We want $P(8.6 \le X \le 9.8)$. We can find this directly with pnorm().

In [37]:
pnorm(9.8, 9, 0.4) - pnorm(8.6, 9, 0.4)

We can also transform the standard normal random variable.

In [38]:
pnorm((9.8 - 9)/0.4) - pnorm((8.6 - 9)/0.4)

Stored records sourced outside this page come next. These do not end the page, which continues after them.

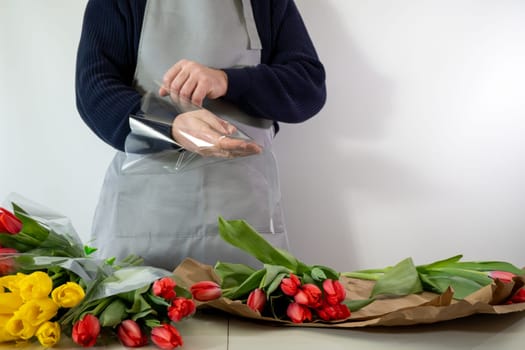 Caucasian male florist arranging tulip bouquets in apron.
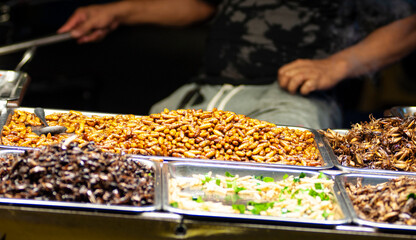Fried silkworms and crickets at Thai street food market at Bangkok Thailand Night Market digitally generated image stock photo copy space © AnnyPenny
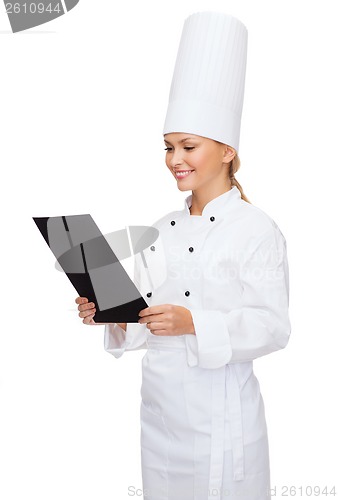 Image of smiling female chef with black blank paper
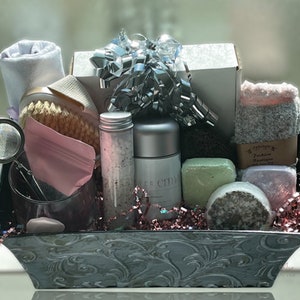 May include: A gray metal basket filled with bath and body products, including a white towel, a bath brush, a pink bag, a glass jar, two bottles, three bars of soap, a tea infuser, and a pair of gray socks. The basket is filled with pink and silver crinkle paper.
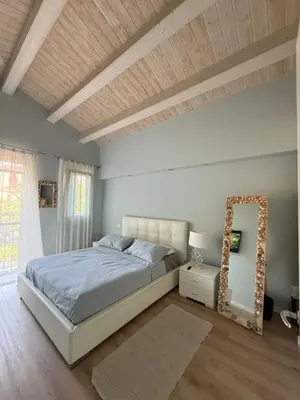 Letto o letti in una camera di Residence Borgo Paradiso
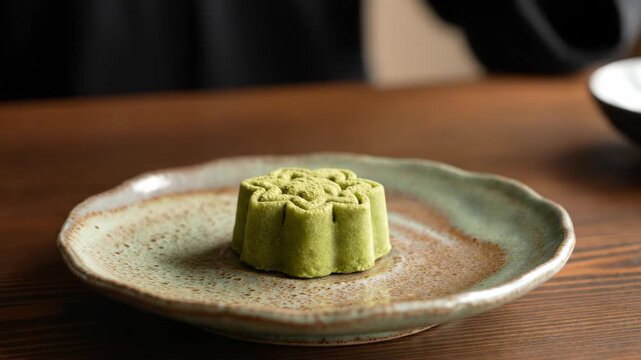 Hands placing green matcha mooncake with intricate floral pattern on rustic plate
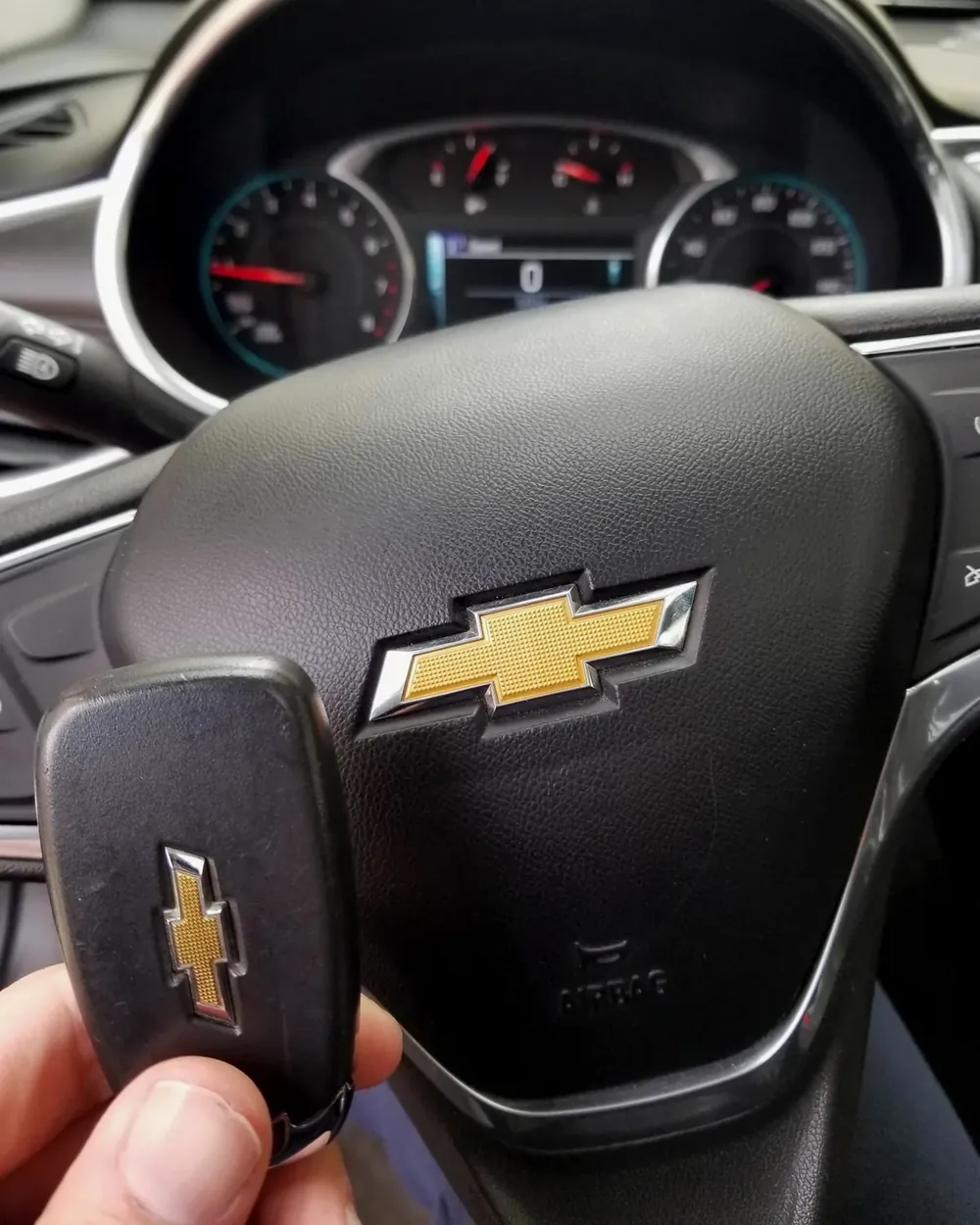 New Chevrolet smart key held at the steering wheel after a job in Inwood, NY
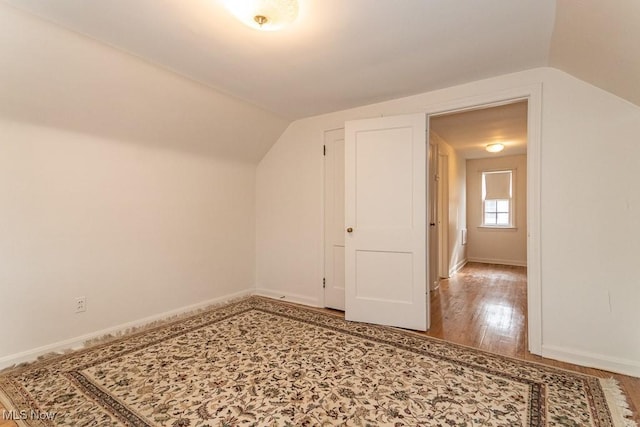 bonus room featuring lofted ceiling and hardwood / wood-style floors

If we randomly and independently select four resistors, the number that are acceptable is a binomial random variable with $n = 4, p \approx 0.82$.

In [39]:
dbinom(2, 4, pnorm(9.8, 9, 0.4) - pnorm(8.6, 9, 0.4))

# 4.2.1a

\begin{align}
P(X > 1, Y > 2) &= P(X = 2, Y = 3) + P(X = 3, Y = 3) \\
&= 0.11 + 0.09 = 0.20
\end{align}

We could solve for $P(X > 1 \text{ or } Y > 2)$ directly, but it is easier to do complementary counting here.
\begin{align}
P(X > 1 \text{ or } Y > 2) &= 1 - P(X \le 1, Y \le 2) \\
&= 1 - (P(X = 1, Y = 1) + P(X = 1, Y = 2)) \\
&= 1 - (0.09 + 0.12) \\
&= 1 - 0.21 = 0.79
\end{align}

\begin{equation}
P(X > 2, Y > 2) = P(X = 3, Y = 3) = 0.09
\end{equation}

# 4.2.1b

To find the marginal PDFs of each variable, we sum over all possible values of the other variable.
$P(X = 1) = P(X = 1, Y = 1) + P(X = 1, Y = 2) + P(X = 1, Y = 3) = 0.09 + 0.12 + 0.13 = 0.34$
$P(X = 2) = P(X = 2, Y = 1) + P(X = 2, Y = 2) + P(X = 2, Y = 3) = 0.12 + 0.11 + 0.11 = 0.34$
$P(X = 3) = P(X = 3, Y = 1) + P(X = 3, Y = 2) + P(X = 3, Y = 3) = 0.13 + 0.10 + 0.09 = 0.32$

$P(Y = 1) = P(X = 1, Y = 1) + P(X = 2, Y = 1) + P(X = 3, Y = 1) = 0.09 + 0.12 + 0.13 = 0.34$
$P(Y = 2) = P(X = 1, Y = 2) + P(X = 2, Y = 2) + P(X = 3, Y = 2) = 0.12 + 0.11 + 0.10 = 0.33$
$P(Y = 3) = P(X = 1, Y = 3) + P(X = 2, Y = 3) + P(X = 3, Y = 3) = 0.13 + 0.11 + 0.09 = 0.33$

# 4.2.3

\begin{align}
P(X \le 10, Y \le 2) &= P(X = 8, Y = 1) + P(X = 8, Y = 2) + P(X = 10, Y = 1) + P(X = 10, Y = 2) \\
&= 0.3 + 0.12 + 0.15 + 0.135 = 0.605
\end{align}

\begin{align}
P(X \le 10, Y = 2) &= P(X = 8, Y = 2) + P(X = 10, Y = 2) \\
&= 0.12 + 0.135 = 0.255
\end{align}

$P(X = 8) = 0.3 + 0.12 = 0.42$
$P(X = 10) = 0.15 + 0.135 + 0.025 = 0.31$
$P(X = 12) = 0.03 + 0.15 + 0.09 = 0.27$

$P(Y = 1.5) = 0.3 + 0.15 + 0.03 = 0.48$
$P(Y = 2) = 0.12 + 0.135 + 0.15 = 0.405$
$P(Y = 2.5) = 0 + 0.025 + 0.09 = 0.115$

$P(X \le 10 | Y = 2) = P(X \le 10, Y = 2) / P(Y = 2) = 0.255 / 0.405 \approx 0.63$

# 4.2.4

|     |        |      | $y$  |      |
|-----|--------|------|------|------|
|     | F(x,y) | 1    | 2    | 3    |
|     | 1      | 0.09 | 0.21 | 0.34 |
| $x$ | 2      | 0.21 | 0.44 | 0.68 |
|     | 3      | 0.34 | 0.67 | 1.00 |

$F_X(1) = F(1, \infty) = F(1, 3) = 0.34$  
$F_X(2) = F(2, \infty) = F(2, 3) = 0.68$  
$F_X(3) = F(3, \infty) = F(3, 3) = 1.00$  

$F_Y(1) = F(\infty, 1) = F(3, 1) = 0.34$  
$F_Y(2) = F(\infty, 2) = F(3, 2) = 0.67$  
$F_Y(3) = F(\infty, 3) = F(3, 3) = 1.00$  

$P(X = 2, Y = 2) = F(2,2) - F(2,1) - F(1,2) + F(1,1) = 0.44 - 0.21 - 0.21 + 0.09 = 0.11$
This matches the PMF in Excercise 1.